I spotted him and through a translator, I asked why he was here, and he said, “I only have one wish in life – to be able to kiss my wife and children on the lips and I've never been able to do that. If I could just do that, I’d be a happy man.” I went back to the director, and I told him the story and we all broke down. We operated on him and fixed it. And when his wife came to visit him post-op she walked right by him because didn't even recognize him When she knew it was him, she just broke down and cried! It was one big emotional moment and it made me realize that what we do as plastic and reconstructive surgeons is just transformative. Yes, other doctors save lives, but we do something different; we give people a gift that they can't give themselves and that's powerful.

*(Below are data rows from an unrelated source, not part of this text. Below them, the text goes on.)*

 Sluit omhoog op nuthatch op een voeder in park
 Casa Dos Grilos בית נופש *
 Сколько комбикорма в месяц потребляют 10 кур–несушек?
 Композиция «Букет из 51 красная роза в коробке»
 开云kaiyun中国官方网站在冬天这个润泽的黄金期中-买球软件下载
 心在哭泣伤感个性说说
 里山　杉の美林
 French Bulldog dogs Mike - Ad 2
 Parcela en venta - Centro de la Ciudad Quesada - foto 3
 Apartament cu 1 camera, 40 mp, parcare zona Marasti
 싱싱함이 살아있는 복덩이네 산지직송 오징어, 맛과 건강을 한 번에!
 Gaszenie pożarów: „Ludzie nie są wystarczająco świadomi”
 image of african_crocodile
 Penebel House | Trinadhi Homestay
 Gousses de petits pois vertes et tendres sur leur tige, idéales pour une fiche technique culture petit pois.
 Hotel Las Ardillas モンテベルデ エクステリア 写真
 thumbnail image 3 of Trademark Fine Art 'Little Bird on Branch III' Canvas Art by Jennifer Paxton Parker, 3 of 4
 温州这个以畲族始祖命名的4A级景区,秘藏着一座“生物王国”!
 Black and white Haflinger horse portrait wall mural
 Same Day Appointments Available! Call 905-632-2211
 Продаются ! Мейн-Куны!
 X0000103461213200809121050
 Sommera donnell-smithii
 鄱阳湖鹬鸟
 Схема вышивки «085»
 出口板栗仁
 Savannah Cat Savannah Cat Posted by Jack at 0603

When did you fall in love with cooking?
My grandparents owned a small restaurant, and all our weekend activities were based around food. Most people eat to live. We live to eat, and we fed other people. I saw the joy in my grandparents’ faces when they cooked food for people and people enjoyed it. And I saw the joy in those people's faces. It's a service – much like medicine – when you cook a dish and you give it to somebody and they just close their eyes and go, wow. And you created that for them. That's powerful.
Who is your biggest influence when it comes to cooking?
My mom was a great cook. She would go to a restaurant, eat some food, taste it, come home and cook it better than the restaurant.
How have you honed your cooking skills over the years?
Practice, practice, practice. I watched as many cooking shows and travel shows as I possibly could on TV and read books. I watched my family cook, and I would get recipes and just learn how to reproduce it.
What do you consider the most, most essential items in the kitchen?
My go-to ingredients are garlic, some kind of chili pepper and butter. As far as equipment, a great sauté pan and a sharp knife. That’s all you need.
What's your favorite cuisine if you had to pick one?
Well, of course it's going to be Italian. That's what I grew up with. I think it spans everything: there are great Italian seafood dishes, meat dishes, and pasta dishes. So Italian covers all the bases, but I definitely like the Southeast Asian food and cuisine as well.
How do you find the time to master your creative interest with such a hectic surgery schedule?
It can be frustrating, but I try to plan my day. Sometimes I have to get up earlier or forego something else to cook or pursue another creative interest. It just goes back to that self-discipline in life. There are only 24 hours in a day. You should really put them to good use. Right now, I get called unexpectedly for emergency surgery. So, I try to find time later in the day or I try to get up the next day. It’s important to actively find the time for yourself. It clears your mind, and it helps you perform the other things in your life better.
What are you looking forward to most in the next year?
Traveling to an exotic place I haven't been to before with Gina. Just enjoying more time with her. That's what I'm looking forward to.
Dr. Dardano certainly strikes us as an integrated, well-balanced individual. A Renaissance man of our time who has used his creativity, curiosity and dexterity to bring forth beauty, not just in the operating room but in other spheres. He balances his work ethic and rigorous self-discipline with fun and recreation, as well as giving back to others, whether through medical missions, mentoring or lending his time and dancing skills to Boca’s Ballroom Battle – a local charity event which raises money to fund scholarships for underprivileged youth.
“I have a beautiful life. I have my health, and I have a great job and I am surrounded by great friends and family. I have a beautiful woman beside me. Why wouldn't I want to get up and just face the day? Whatever challenges await me, I just look for the new adventure, whatever it is every day.”